## Records shown
^^^^

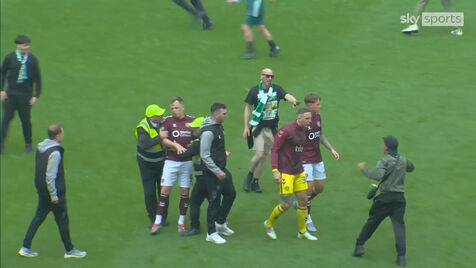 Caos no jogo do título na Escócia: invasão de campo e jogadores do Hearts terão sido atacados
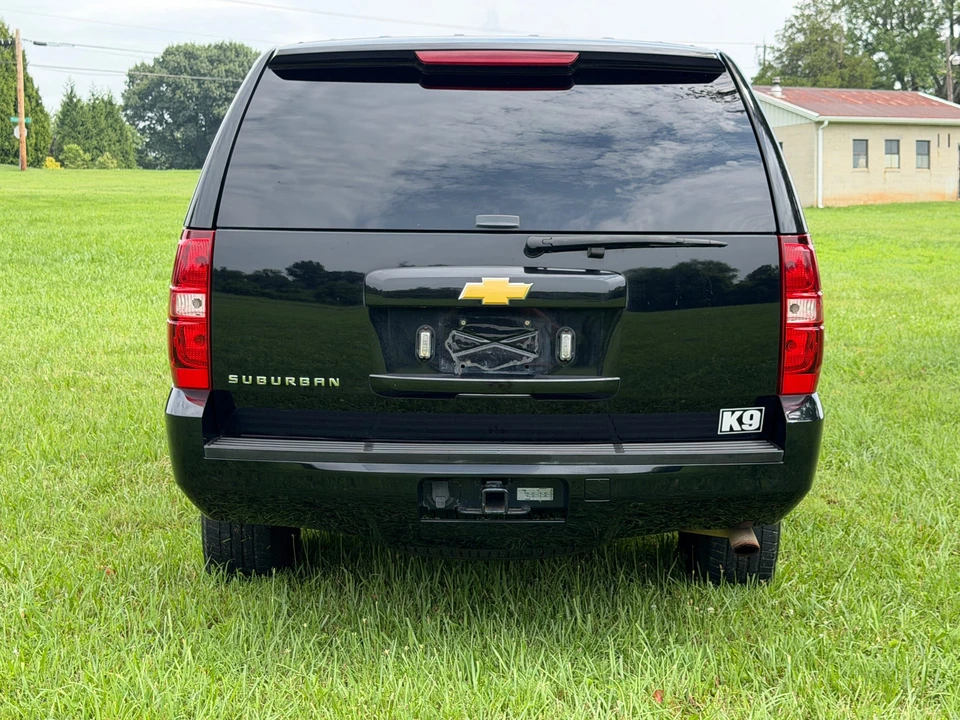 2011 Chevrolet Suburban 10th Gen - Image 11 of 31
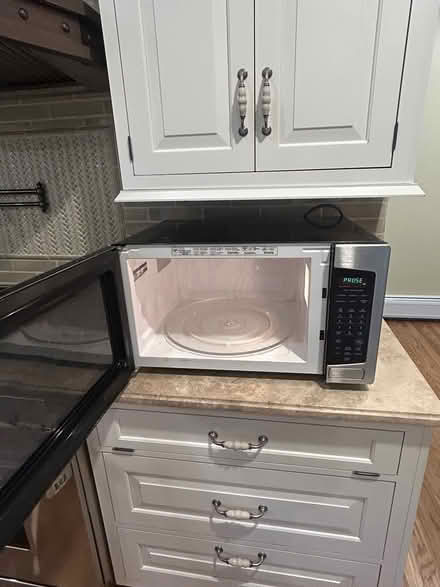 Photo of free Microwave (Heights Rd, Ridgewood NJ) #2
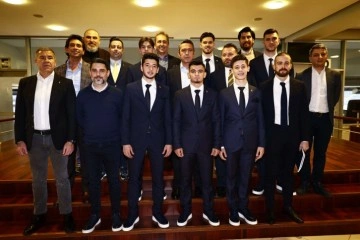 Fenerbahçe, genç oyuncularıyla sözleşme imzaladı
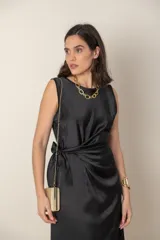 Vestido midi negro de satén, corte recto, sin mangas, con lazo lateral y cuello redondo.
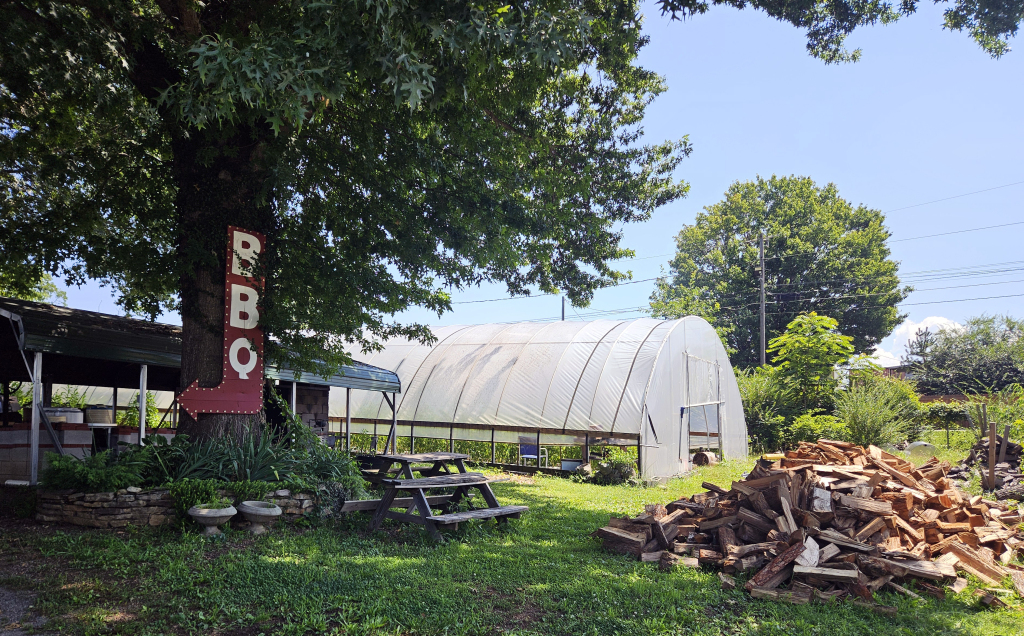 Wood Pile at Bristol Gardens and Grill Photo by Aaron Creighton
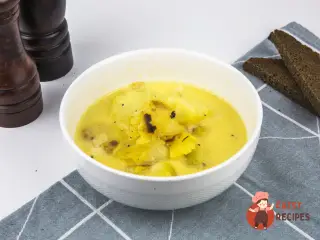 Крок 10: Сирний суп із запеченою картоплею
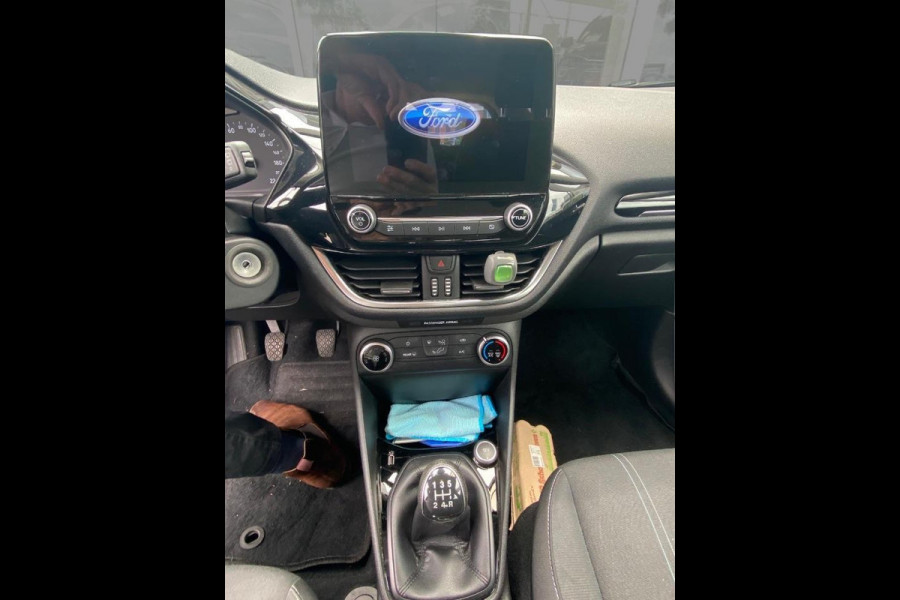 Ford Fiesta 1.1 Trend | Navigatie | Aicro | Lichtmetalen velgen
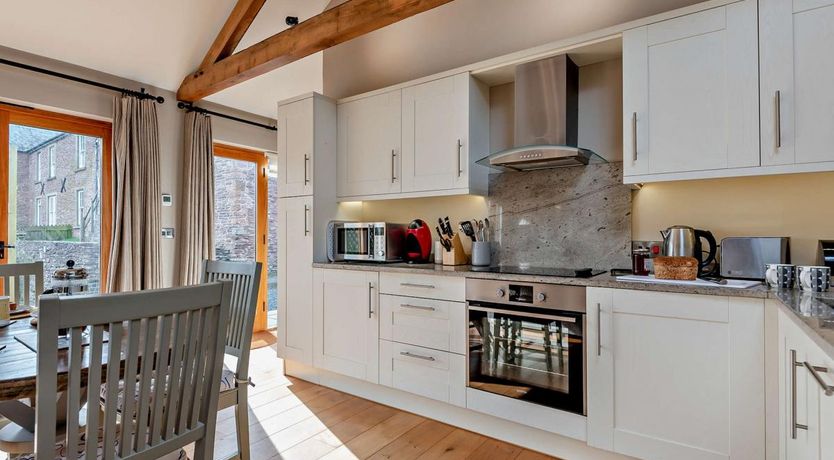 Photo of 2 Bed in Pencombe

^^^^

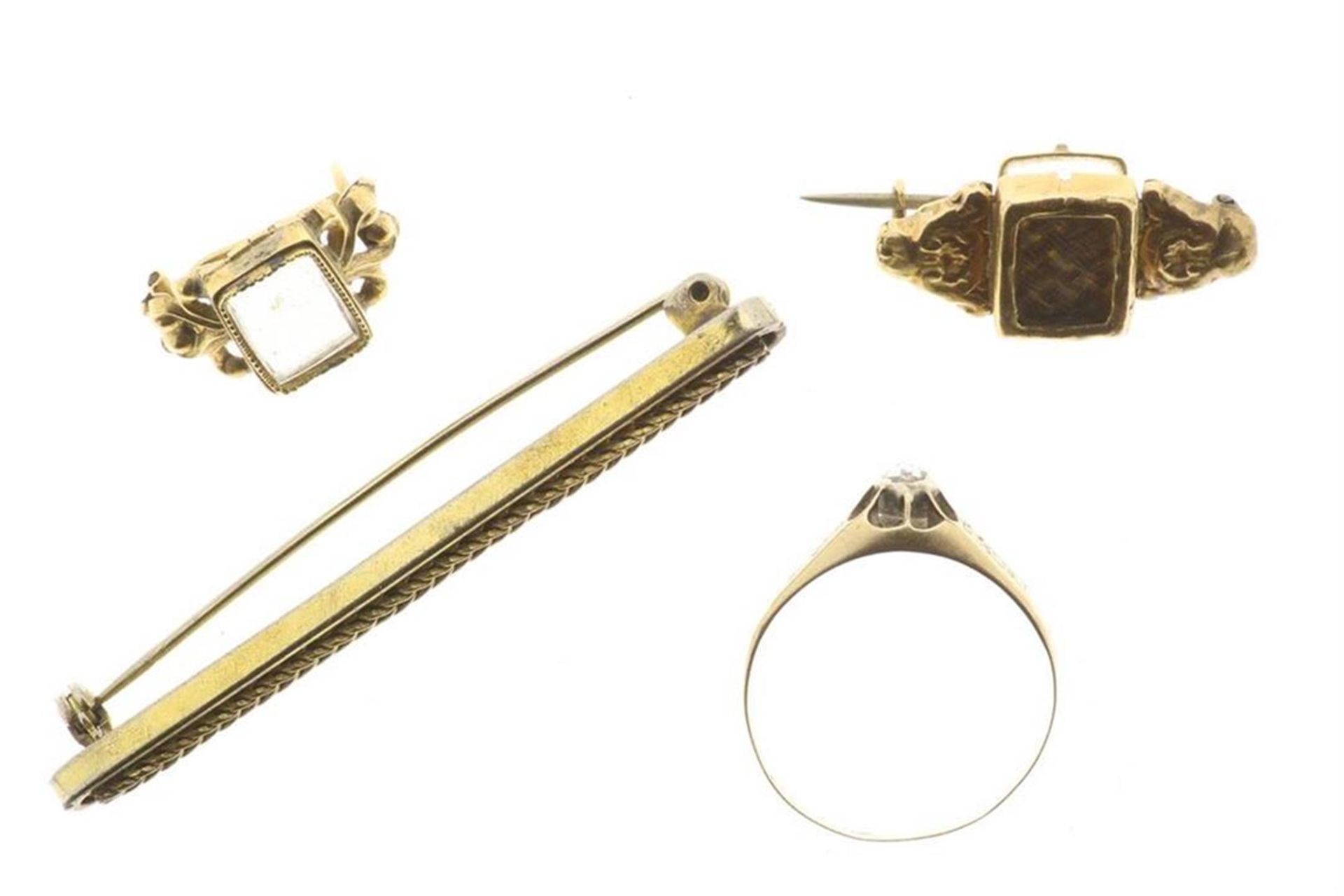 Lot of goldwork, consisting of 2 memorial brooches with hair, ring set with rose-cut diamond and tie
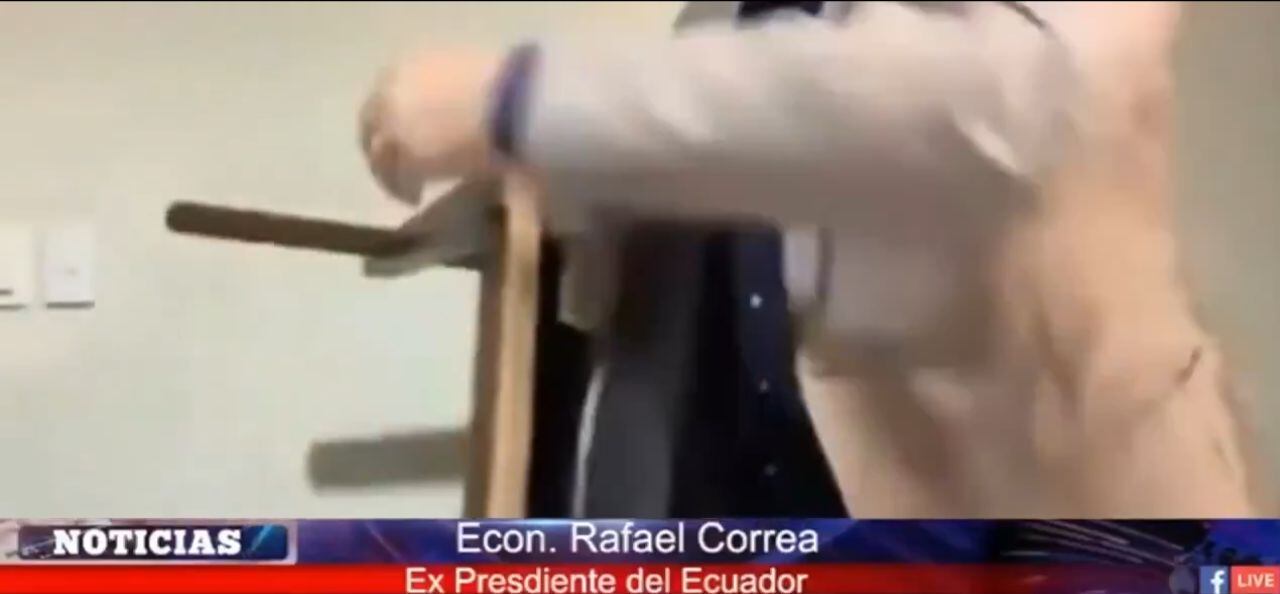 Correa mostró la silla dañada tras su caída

^^^^

## Exercise description
Where a picture appears in the records above, omit it, and transcribe exactly the stretch of lines from the one with "Fenerbahçe, genç oyuncularıyla" through the one with "Photo of 2 Bed in Pencombe".

## Problem solution
 Fenerbahçe, genç oyuncularıyla sözleşme imzaladı
 Vestido midi negro de satén, corte recto, sin mangas, con lazo lateral y cuello redondo.
 Wood Pile at Bristol Gardens and Grill Photo by Aaron Creighton
 Крок 10: Сирний суп із запеченою картоплею
 Ford Fiesta 1.1 Trend | Navigatie | Aicro | Lichtmetalen velgen
 Photo of 2 Bed in Pencombe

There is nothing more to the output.